Data items

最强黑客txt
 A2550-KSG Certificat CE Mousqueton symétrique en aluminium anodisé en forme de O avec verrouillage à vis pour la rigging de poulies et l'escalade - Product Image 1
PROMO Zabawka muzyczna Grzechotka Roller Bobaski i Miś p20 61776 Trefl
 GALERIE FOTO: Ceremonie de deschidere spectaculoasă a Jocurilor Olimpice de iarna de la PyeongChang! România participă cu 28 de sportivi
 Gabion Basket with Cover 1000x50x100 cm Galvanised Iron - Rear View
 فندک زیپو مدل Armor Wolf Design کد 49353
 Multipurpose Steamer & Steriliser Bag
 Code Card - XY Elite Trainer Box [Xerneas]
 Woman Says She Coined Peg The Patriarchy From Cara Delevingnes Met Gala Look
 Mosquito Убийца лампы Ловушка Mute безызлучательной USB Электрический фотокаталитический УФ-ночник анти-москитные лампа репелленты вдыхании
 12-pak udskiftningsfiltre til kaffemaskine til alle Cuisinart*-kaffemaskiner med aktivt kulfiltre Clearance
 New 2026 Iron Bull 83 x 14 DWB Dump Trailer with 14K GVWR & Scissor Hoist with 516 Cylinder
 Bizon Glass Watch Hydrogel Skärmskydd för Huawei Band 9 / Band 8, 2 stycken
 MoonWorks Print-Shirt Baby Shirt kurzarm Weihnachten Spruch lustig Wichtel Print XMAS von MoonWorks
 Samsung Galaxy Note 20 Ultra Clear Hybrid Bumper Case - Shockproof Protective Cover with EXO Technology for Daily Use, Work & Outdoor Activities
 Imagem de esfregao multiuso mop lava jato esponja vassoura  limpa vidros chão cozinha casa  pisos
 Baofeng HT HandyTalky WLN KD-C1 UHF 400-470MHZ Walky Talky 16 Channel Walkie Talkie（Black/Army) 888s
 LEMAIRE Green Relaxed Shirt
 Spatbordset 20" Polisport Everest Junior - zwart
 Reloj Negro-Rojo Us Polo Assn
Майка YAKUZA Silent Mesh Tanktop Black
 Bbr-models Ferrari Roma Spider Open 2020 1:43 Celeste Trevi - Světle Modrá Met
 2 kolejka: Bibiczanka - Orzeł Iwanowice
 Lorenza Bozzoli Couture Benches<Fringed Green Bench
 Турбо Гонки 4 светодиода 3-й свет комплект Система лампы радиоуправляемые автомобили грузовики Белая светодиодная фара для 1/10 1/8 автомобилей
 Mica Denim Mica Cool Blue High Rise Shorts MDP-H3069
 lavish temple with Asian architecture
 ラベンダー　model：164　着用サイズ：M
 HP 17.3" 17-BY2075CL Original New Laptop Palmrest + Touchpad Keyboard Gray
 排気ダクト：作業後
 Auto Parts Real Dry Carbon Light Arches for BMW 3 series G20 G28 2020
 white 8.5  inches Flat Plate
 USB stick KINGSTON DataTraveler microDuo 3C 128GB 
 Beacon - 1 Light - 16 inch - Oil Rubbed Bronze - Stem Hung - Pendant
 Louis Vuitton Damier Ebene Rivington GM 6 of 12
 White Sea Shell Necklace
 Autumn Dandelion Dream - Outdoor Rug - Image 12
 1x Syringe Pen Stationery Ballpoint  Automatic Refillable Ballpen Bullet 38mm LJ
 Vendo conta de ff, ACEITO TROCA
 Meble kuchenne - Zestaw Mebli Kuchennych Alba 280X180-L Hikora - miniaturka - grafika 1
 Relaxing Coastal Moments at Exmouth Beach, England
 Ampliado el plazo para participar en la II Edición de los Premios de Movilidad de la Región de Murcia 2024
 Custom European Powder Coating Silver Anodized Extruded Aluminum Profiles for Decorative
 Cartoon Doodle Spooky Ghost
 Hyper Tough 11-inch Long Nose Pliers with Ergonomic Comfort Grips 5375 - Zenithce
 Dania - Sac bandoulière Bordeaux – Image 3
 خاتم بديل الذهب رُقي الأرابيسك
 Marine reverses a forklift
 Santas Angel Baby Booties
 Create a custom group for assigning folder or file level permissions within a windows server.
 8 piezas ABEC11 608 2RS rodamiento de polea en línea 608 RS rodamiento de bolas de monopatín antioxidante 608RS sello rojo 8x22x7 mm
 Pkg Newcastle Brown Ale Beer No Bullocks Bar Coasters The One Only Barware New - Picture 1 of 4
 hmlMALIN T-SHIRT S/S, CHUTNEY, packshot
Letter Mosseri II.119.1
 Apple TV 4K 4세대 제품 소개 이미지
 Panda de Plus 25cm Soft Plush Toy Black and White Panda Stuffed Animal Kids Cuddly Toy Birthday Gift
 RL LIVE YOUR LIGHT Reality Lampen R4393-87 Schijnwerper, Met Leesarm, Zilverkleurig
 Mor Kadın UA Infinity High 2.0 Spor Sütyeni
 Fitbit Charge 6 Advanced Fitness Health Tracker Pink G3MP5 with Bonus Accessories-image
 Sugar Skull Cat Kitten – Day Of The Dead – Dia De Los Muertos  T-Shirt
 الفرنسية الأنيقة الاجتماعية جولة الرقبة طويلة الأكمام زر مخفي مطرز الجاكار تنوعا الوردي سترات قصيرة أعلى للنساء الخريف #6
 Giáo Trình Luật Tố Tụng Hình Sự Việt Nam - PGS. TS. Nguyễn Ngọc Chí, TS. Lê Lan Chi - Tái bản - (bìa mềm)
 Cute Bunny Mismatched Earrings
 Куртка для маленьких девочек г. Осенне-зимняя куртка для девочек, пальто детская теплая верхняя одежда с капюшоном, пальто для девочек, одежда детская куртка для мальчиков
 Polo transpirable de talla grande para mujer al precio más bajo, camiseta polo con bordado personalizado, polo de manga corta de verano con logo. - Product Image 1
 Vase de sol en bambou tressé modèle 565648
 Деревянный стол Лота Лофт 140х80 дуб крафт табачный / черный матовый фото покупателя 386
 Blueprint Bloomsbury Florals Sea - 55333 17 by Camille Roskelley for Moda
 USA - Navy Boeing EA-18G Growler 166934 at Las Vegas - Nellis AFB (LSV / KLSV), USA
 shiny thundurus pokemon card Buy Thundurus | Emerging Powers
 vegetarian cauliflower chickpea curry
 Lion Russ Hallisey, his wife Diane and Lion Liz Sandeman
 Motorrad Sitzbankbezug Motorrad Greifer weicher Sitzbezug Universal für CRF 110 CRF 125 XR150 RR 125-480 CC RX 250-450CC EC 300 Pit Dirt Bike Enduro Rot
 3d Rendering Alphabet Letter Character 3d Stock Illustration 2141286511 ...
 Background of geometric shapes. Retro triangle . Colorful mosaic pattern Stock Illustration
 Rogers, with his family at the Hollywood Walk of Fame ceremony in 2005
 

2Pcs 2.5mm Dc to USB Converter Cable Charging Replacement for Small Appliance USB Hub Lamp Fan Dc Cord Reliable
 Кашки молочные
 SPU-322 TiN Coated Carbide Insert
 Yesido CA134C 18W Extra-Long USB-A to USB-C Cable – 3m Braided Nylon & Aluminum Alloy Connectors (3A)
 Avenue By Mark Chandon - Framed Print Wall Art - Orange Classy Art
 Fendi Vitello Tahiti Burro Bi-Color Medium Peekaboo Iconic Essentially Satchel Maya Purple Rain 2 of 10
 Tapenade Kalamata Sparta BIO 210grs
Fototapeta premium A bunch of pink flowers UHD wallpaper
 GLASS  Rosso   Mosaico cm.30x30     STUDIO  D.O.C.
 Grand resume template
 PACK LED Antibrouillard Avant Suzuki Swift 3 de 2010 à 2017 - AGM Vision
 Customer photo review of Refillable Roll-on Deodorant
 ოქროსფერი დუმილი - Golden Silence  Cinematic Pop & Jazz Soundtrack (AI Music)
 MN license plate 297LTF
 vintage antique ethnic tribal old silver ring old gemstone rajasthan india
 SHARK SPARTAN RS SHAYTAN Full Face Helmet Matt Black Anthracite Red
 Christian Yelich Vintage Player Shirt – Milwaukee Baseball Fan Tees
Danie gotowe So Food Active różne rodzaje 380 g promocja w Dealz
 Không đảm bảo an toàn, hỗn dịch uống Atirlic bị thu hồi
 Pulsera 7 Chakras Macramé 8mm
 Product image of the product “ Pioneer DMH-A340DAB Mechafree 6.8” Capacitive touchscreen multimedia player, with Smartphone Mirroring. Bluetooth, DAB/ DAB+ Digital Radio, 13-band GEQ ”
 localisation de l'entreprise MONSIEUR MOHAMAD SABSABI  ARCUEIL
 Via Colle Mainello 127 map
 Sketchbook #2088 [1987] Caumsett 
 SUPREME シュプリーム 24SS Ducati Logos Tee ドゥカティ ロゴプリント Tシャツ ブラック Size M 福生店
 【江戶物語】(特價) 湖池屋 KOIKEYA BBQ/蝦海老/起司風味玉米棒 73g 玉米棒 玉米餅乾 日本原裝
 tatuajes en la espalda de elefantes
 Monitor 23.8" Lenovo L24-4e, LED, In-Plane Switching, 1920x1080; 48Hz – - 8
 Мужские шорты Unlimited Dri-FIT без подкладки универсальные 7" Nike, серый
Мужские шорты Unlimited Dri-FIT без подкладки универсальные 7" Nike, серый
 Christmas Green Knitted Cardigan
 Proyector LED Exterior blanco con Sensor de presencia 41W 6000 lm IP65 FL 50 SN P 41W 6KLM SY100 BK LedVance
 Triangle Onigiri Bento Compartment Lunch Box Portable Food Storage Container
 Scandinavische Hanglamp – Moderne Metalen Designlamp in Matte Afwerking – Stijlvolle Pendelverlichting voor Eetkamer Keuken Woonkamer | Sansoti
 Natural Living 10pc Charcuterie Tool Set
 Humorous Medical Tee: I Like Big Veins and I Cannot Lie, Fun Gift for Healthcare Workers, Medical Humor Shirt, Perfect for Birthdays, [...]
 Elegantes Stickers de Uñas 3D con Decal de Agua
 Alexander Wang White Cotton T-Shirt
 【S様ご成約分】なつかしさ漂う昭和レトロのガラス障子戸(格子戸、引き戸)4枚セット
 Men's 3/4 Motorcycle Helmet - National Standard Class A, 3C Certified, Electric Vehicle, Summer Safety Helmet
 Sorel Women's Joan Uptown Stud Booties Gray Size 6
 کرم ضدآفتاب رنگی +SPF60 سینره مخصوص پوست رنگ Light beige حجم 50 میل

- _Problem to solve_:
Begin at the line that has "shiny thundurus pokemon" in the entries above; stop after the line that has "Lion Russ Hallisey, his". Transcribe exactly those lines and no others.

- _Exercise response_:
 shiny thundurus pokemon card Buy Thundurus | Emerging Powers
 vegetarian cauliflower chickpea curry
 Lion Russ Hallisey, his wife Diane and Lion Liz Sandeman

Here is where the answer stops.